The largest conflict with managing failures is found within time. Time is the limiting factor that drives the project manager to make choices without achieving perfect information [12]. While planning is nice and what makes it easier to actually act fast, not everything can be considered even in successful projects. Often the analysis of preivous projects is put on hold because they are often viewed as concluded, and the organization moves on to other tasks that needs doing. The encouragement from this article is to learn to reflect on previous projects, as it could benefit projects in the future.

[edit] Successful failures & failing successes - limitations of project evaluation [2]

An interesting observation found in the literature is project perception can change over time. The focus of this section is an exmaple of a project that failed initially but over time became success, and a project that initially were a success and then became a failure.

In this section a part of the objective is to show how to evaluate a project based on previous described measurements for failure and success. This will naturally be marked by some error since this article is not done by anyone involved with any of the projects, and based off information found online. This is however done deliberately, in order to show one of the main short comings of project evaluation, and will be the main focus in this topic.

A side note here is that all of the projects are construction based projects. This is done purely by accidents. It is however also an assumption that evaluation of construction projects have been measured in success for a longer period of time, than projects with no tangible deliverable such as projects focused on cultural change within an organization.

[edit] Millennium Dome - successful failure

The Millennium Dome [13] was a project that began in 1997, and was finished in 1999. It was constructed on time, and with added funds from the government within budget. However the increase in budget also meant an increase in scope. At the opening of the dome Tony Blair said that the dome was triumph of confidence over cynicism [2]. This is when things started to go sideways. The project was initially meant to be an attraction, but only managed to attract half of the projected customers expected. The dome was only open a year before it was closed based on the initial concept of The Millennium Dome being a celebration of changing into a new millennium. In the early 2000s the dome was only used for sparingly, and presented itself as a huge maintenance cost which marked it in the media landscape as a huge failure. This lasted until in the late 2000s it was redeveloped into the O2 arena.

This is an example of project delivering a result where the stakeholders has not been considered. The project was preformed as a top-down push which equally can be seen in the increase in funds. The objective of the project participants was clearly a focus on meeting the deadline and stay within budget. The How of the project was very well thought out and cannot be denied to have succeeded. The Why had been considered to a lesser extend, and it is unclear why they were so certain there would a larger interest in the Millennium Dome. Clearly they estimations done on The Millennium Dome was either biased expecting people to buy in on this idea of a mega attraction such as world expos [14], or focused on meeting ambitious demands set by the project managers and forgetting to consider stakeholders. Either way the outcome was that a project that initially found success turned into a failure over time because of unconsidered aspects.

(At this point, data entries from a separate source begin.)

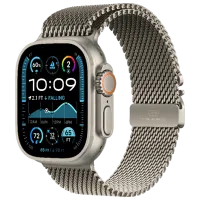 Умные часы Apple Watch Ultra 2 1.92"/ 49 мм/ Натуральный Титан - Титан миланский/ MX4M3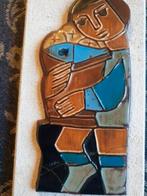 tegel Henk Potters jongen met mand met vis en brood., Ophalen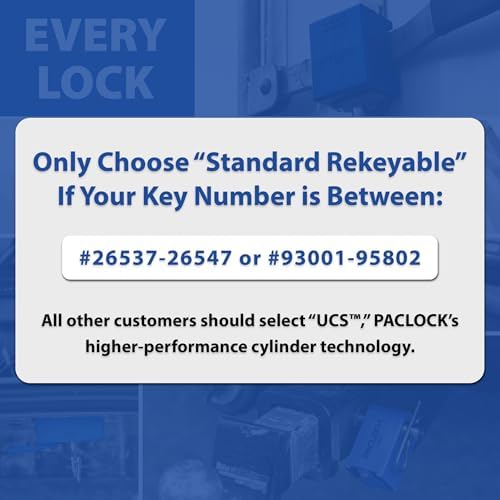 PACLOCK's 9-Series Patented Cone Puck w/Tapped Holes, Standard Rekeyable (SR), Keyed Different, Black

[edit] Sidney Opera House - failing success

The Sidney Opera house was under construction from 1959 to 1973 which is a fairly long time for a construction to be built in. This was mostly due to the falling out between the Danish Architect Jørn Utzon and the government who approved and were the client of the project. The falling out was mainly due to Jørn's desire to be as perfect and close to his concept idea of how he wanted to create the opera house, while many of the politicians felt it trying that Utzon was unwilling to divert from the original plan. Another issue was due to the fact that the initial estimation of cost was very optimistic in order to get the approval in the first place, and as the cost started to outgrow expectations the government started to have doubts about the project. This split grew over time until Utzon decided to resign from the project all together. After the split it was given to another danish building contractor that finished the project.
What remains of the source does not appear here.